Aim of the exercise =>
Quote all lines below exactly. Images stay out.

Given data =>
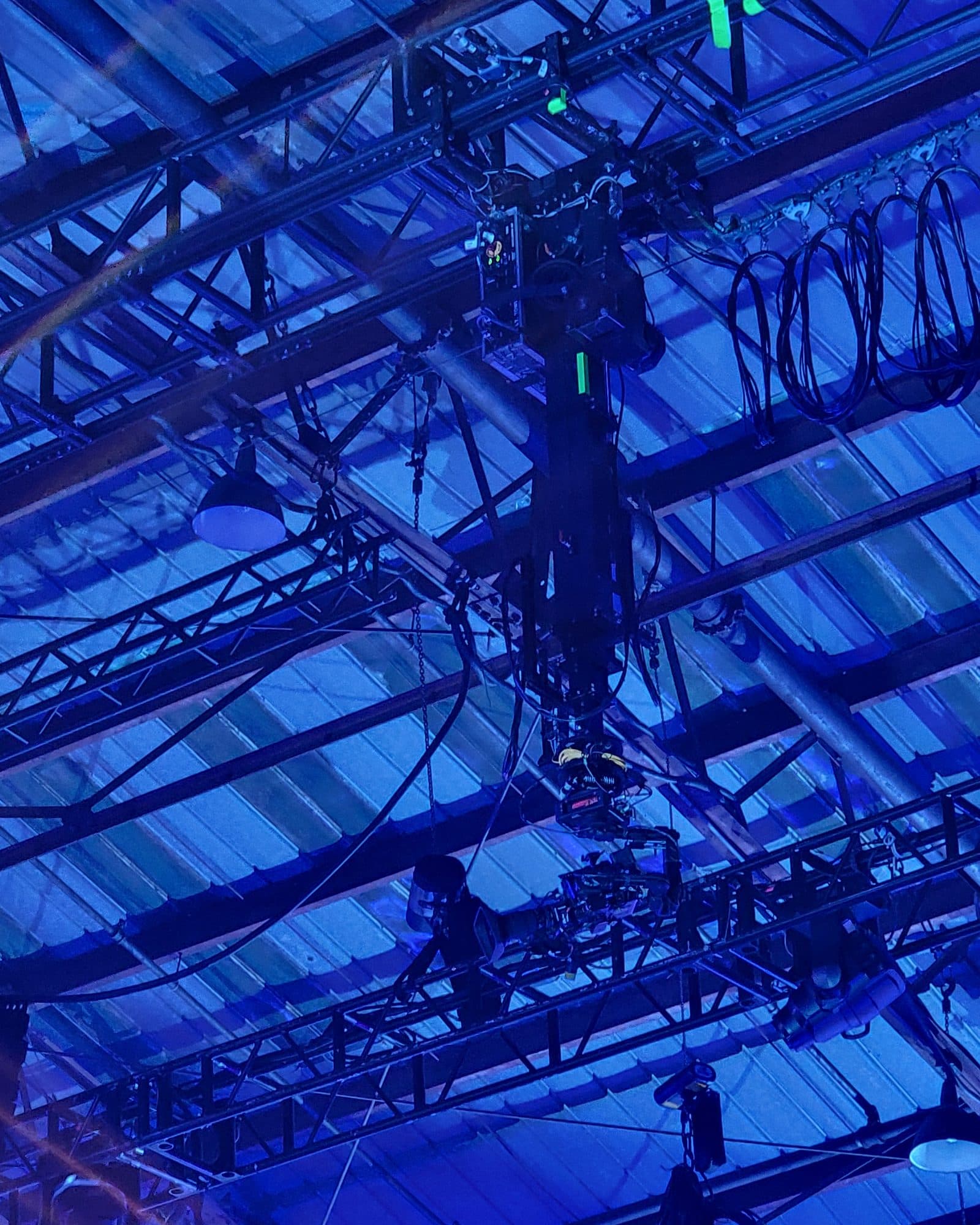 MAT Twin Peek towercam reaching up into a blue-lit lighting truss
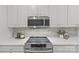 Sleek kitchen with stainless steel appliances and white cabinets at 5204 Sardis Rd, Charlotte, NC 28270
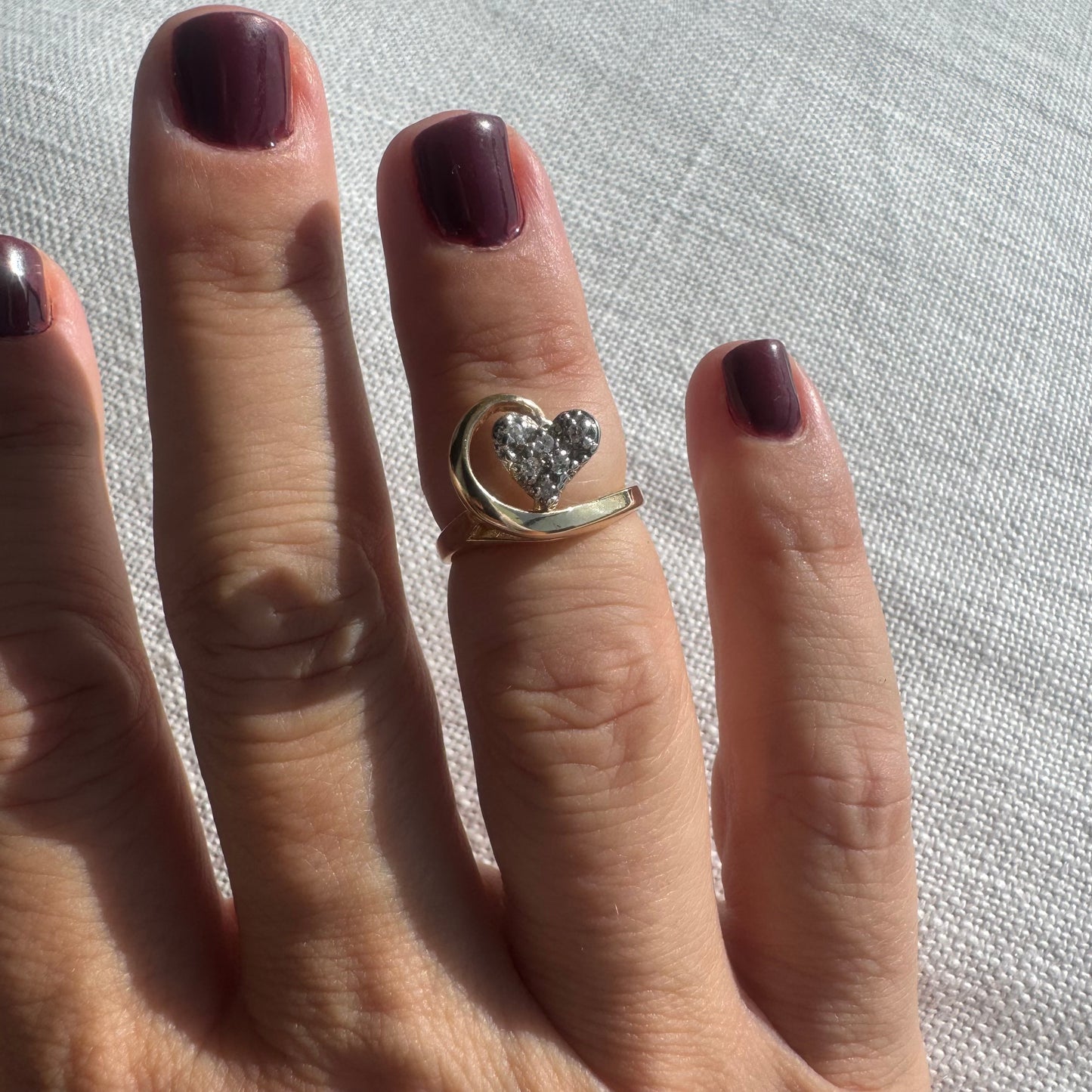 14K gold ring featuring a Diamond-studded heart embraced by a flowing golden curve.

Your solution =>
 MAT Twin Peek towercam reaching up into a blue-lit lighting truss
 Sleek kitchen with stainless steel appliances and white cabinets at 5204 Sardis Rd, Charlotte, NC 28270
 14K gold ring featuring a Diamond-studded heart embraced by a flowing golden curve.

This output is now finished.